# Darkroom Confusion



## samsdmf (May 24, 2005)

Hey, I have recently set up a dark room in an unused attic room but quite simply its not going good> I have developed my film and it looks fine but when i go to put it on paper it goes badly wrong, I have set up the enlarger to perfect focus, turned all lights off and followed guidelines to use several short exposures and cover up with card and it looks like its projecting fine but when I put the paper in the developing fluid it just develops black, grey and white marks on the paper, like if you got a pice of paper and ran black and white paint down it. 
DOes anyone have any ideas what im doing wrong. Thanks in advance. Sam


----------



## Unimaxium (May 24, 2005)

Could the paper have been accidentally exposed to other light than from the enlarger? Like if the box was opened in room light for example? That's my only guess as to what it could be.


----------



## KevinR (May 25, 2005)

I don't won't to be too simple, but are you putting the paper down then focusing your enlarger with the paper there?


----------



## samsdmf (May 25, 2005)

Umm I dont think its any of the above because I opened the paper in the dark (and wouldt that turn the paper all black when developed rather than the effect im getting). And the image is perfectly sharp and prefocused before i go anywhere near the paper, Im thinking I have a dodgy batch of paper. 
Thanks for the help, I will try remixing the developing fluid even though i am pretty sure i got 1+9 pretty exactly.
Sam


----------



## KevinR (May 25, 2005)

Then here is a couple of things:
How long do you feel is your exposure in seconds?
What f-stop do you have the enlarging lens at?
I am assuming you don't have an enlarging timer. If you are leaving the lens wide open at say f3.5 for example, and it is a decent looking negative, where talking about an exposure of less than 3 sec. If you are stepping down to f11, where most lenses are at their sharpest, then exposure whould be, and this is just an estimate, of 30-40 sec.


----------



## PhotoDragon (May 25, 2005)

Are you puting the paper in emulsion side up or emulsion side down? If you are putting it in emulsion side down then the light is passing through the paper before it can get to the emulsion. This will generaly cause the image to be at best blurry, at worst it will give you shades of grey to black. If you have a safe light in your darkroom then you want to look for the writing on the paper which will be on the non-emulsion side and that side goes down on the easel. If you do not have a safe-light then you have to go by feel. The emulsion side will tend to be not as smooth as the non-emulsion side when you run your fingers along the paper.

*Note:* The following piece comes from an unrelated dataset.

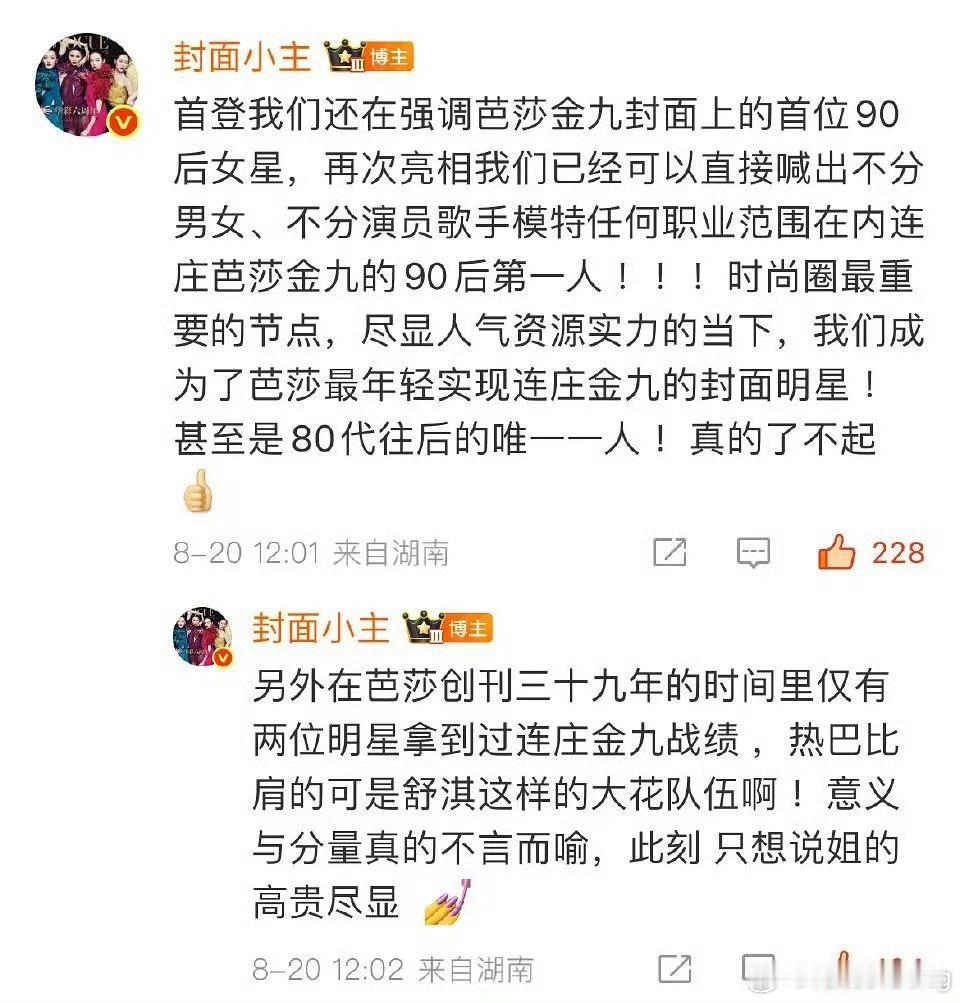 我怕这些业内再科普下去…有的粉圈又得一边眼馋一边“婉拒”了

Another problem could be heat exposure to your paper. You said that you have your darkroom in an attic room. I know attics can get pretty hot if not properly insullated and air conditioned. If your paper has been exposed to high amounts of heat for a period of time then this could cause a problem as well.

Good luck


----------



## ksmattfish (May 25, 2005)

samsdmf said:
			
		

> Im thinking I have a dodgy batch of paper.
> Thanks for the help, I will try remixing the developing fluid even though i am pretty sure i got 1+9 pretty exactly.
> Sam



Even if you got the mix wrong, it should still develop fairly normally.  I would try another pack of paper from a different distributor.  Maybe the one you got sat next to the heater for a few years in the storeroom.


----------